◆ **What you have to do**
Return exactly, please, the line that contains "140pcs Tassel Keychain" and every line after it through the end of the material that follows, leaving pictures aside.

◆ **Supplied information**
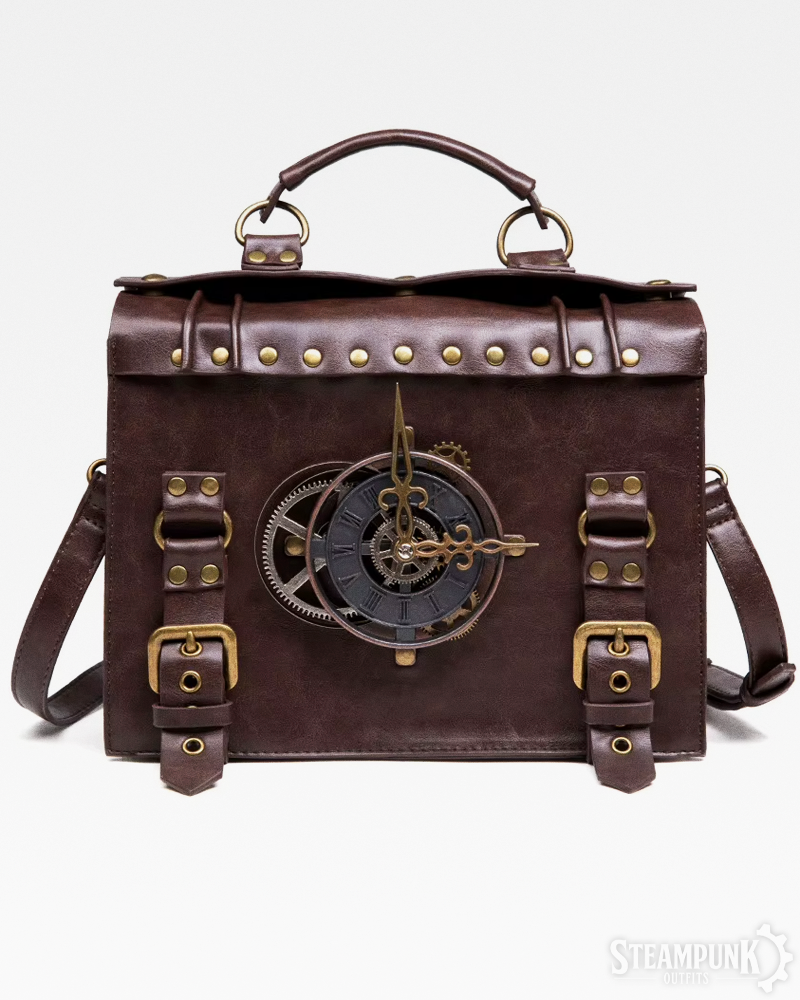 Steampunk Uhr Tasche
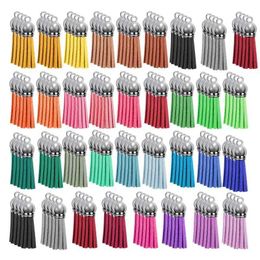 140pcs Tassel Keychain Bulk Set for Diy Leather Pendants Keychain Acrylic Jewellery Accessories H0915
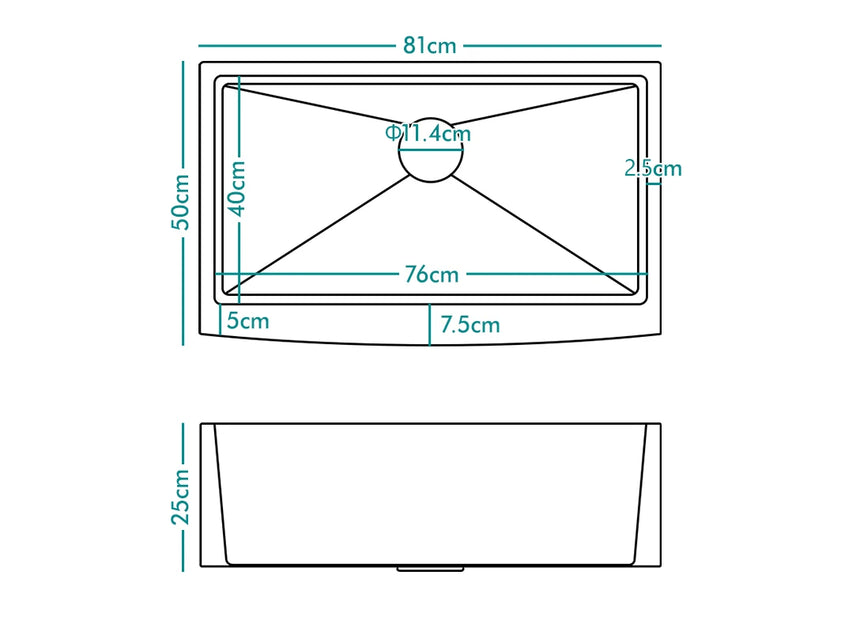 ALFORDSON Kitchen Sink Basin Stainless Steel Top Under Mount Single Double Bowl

◆ **Solution to this task**
 140pcs Tassel Keychain Bulk Set for Diy Leather Pendants Keychain Acrylic Jewellery Accessories H0915
 ALFORDSON Kitchen Sink Basin Stainless Steel Top Under Mount Single Double Bowl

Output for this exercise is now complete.